My own disillusionment with the show began with my post-grad move to New York City (BusinessWeek.com, 10/11/06), which turned out to be anything but the exciting, glamorous metropolis so romanticized by Carrie & Co.
And it grew into something more. As I became increasingly invested in pursuing my work, I just didn't have the same desire—or time—to painstakingly dissect and incessantly discuss what it meant to be an uncompromising, fully empowered young woman.
Obsessed with Men
Plus, it suddenly hit me that the women's close bond, the true crux of the show, is ultimately built on little more than shared war stories about men. Extreme effort goes into acting cavalier. All the joking about men and talk of "having it all" doesn't leave much time for actively having a life. The characters single-mindedly obsess about men and then hypocritically pat themselves on the back about being strong, liberated women.

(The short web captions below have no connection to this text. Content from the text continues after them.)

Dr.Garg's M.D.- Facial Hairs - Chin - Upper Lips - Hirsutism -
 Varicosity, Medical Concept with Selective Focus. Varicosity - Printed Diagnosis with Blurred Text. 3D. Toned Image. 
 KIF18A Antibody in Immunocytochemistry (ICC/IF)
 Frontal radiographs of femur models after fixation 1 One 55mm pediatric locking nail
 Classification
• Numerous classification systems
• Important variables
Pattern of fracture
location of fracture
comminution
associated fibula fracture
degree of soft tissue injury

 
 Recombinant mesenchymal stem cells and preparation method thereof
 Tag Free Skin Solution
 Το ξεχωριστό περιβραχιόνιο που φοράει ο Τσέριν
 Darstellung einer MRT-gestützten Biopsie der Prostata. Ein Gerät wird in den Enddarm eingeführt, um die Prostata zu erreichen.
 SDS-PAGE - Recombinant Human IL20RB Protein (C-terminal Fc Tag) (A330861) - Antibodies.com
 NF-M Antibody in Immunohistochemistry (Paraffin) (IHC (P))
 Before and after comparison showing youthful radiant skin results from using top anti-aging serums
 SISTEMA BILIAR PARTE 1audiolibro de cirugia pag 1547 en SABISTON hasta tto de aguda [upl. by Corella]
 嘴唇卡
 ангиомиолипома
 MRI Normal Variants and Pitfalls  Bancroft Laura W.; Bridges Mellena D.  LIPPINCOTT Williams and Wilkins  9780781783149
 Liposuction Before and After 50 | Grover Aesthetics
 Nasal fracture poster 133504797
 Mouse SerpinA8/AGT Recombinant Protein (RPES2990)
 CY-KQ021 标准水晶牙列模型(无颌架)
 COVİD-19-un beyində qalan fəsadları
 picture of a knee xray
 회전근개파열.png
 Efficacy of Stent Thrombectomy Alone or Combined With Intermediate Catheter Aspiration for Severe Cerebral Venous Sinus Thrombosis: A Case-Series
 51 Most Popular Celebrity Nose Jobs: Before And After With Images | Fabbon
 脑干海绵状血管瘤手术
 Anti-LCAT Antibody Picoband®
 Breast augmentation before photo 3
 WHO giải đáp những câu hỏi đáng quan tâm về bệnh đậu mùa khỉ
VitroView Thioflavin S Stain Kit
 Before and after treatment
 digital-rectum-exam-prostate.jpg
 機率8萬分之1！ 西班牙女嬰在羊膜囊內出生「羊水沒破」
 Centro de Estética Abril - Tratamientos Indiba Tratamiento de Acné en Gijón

Even the characters' "healthy" sex lives seem forced in the end. "Why should we all think we should be having these crazy sex lives just so we can be more advanced as women?" says my friend Jill, another devotee-turned-skeptic of the show.
The bottom line: If you were going to choose a gender-specific role model, why one of these four cardboard characters? As American women have won more and more rights, the feminist movement has had the luxury of branching off in many, even contradictory, directions. Feminist icons run the gamut from activist Gloria Steinem to porn star Jenna Jamison…not to mention our first viable female Presidential candidate in Hillary Clinton.
One friend suggested we organize a boycott of the Sex and the City movie. But it's just not that important. In an ideal world, former fans wouldn't show up because they've moved on. The movie—neither a hit nor a stinker—would simply go out with a whimper, just like any idea whose time had come and gone.